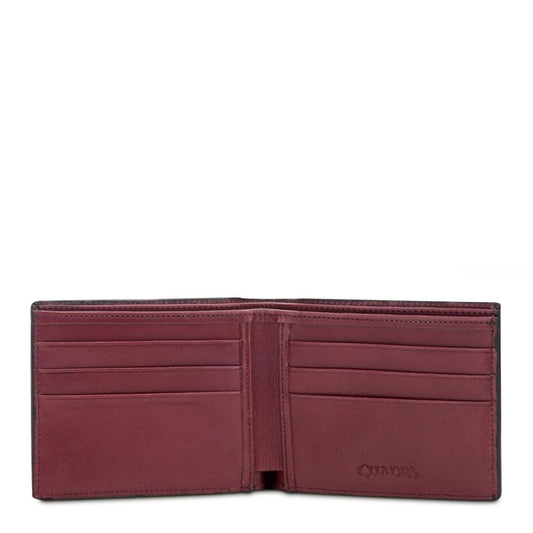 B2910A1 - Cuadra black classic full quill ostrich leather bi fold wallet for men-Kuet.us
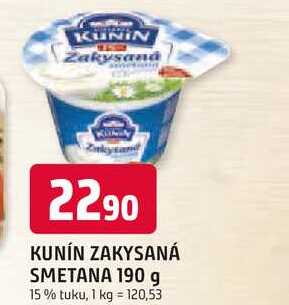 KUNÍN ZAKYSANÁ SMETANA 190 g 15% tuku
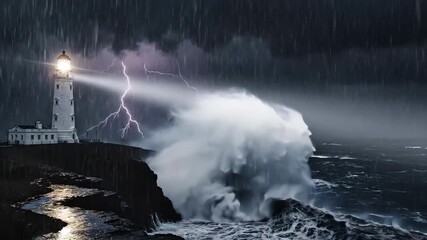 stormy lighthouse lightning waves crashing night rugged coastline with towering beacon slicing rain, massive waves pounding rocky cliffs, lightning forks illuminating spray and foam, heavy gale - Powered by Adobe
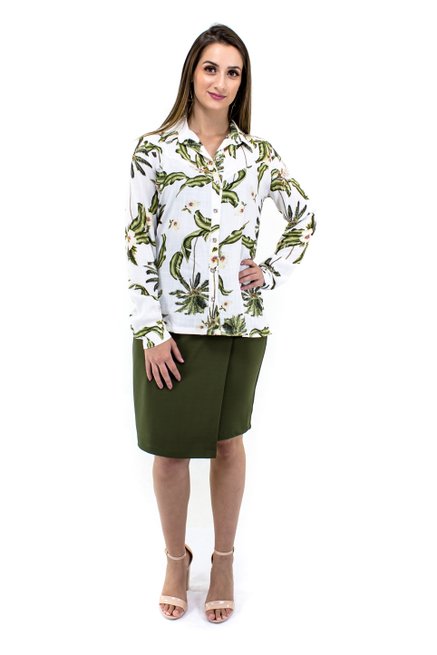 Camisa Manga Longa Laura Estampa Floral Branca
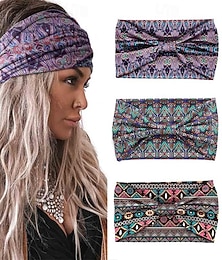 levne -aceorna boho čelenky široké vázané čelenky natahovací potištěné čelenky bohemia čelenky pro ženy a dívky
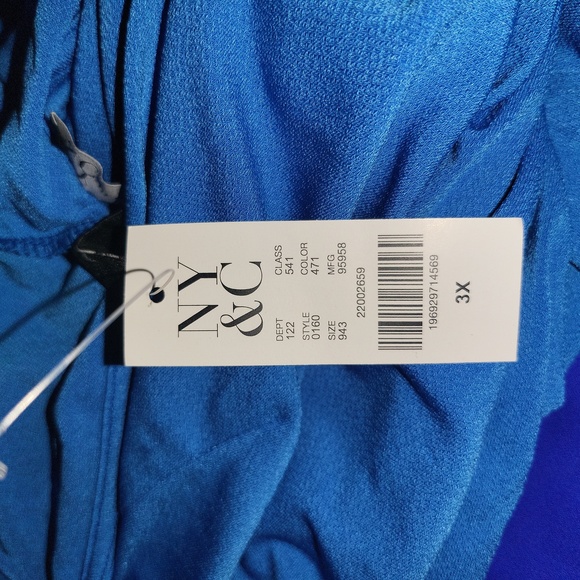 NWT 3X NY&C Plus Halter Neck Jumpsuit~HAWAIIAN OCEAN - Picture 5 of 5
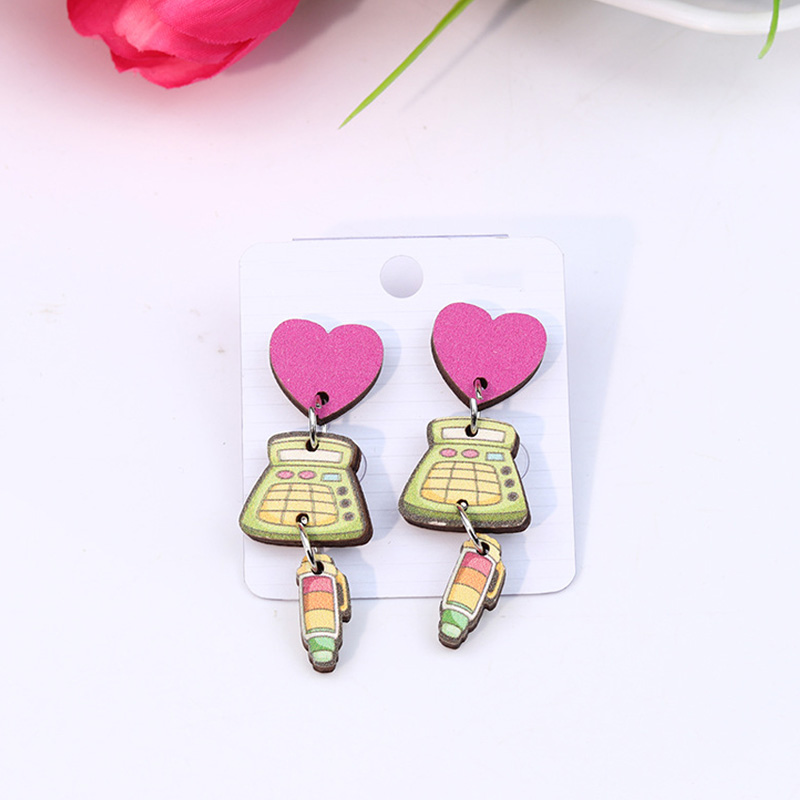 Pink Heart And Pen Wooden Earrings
=====
▶ _Work task_: The lines from the one with "stormy lighthouse lightning" to the end of the data above should be retyped exactly, both ends included, and pictures are to be left out.

▶ _Response_:
 stormy lighthouse lightning waves crashing night rugged coastline with towering beacon slicing rain, massive waves pounding rocky cliffs, lightning forks illuminating spray and foam, heavy gale - Powered by Adobe
 Camisa Manga Longa Laura Estampa Floral Branca
 levne -aceorna boho čelenky široké vázané čelenky natahovací potištěné čelenky bohemia čelenky pro ženy a dívky
 NWT 3X NY&C Plus Halter Neck Jumpsuit~HAWAIIAN OCEAN - Picture 5 of 5
 Pink Heart And Pen Wooden Earrings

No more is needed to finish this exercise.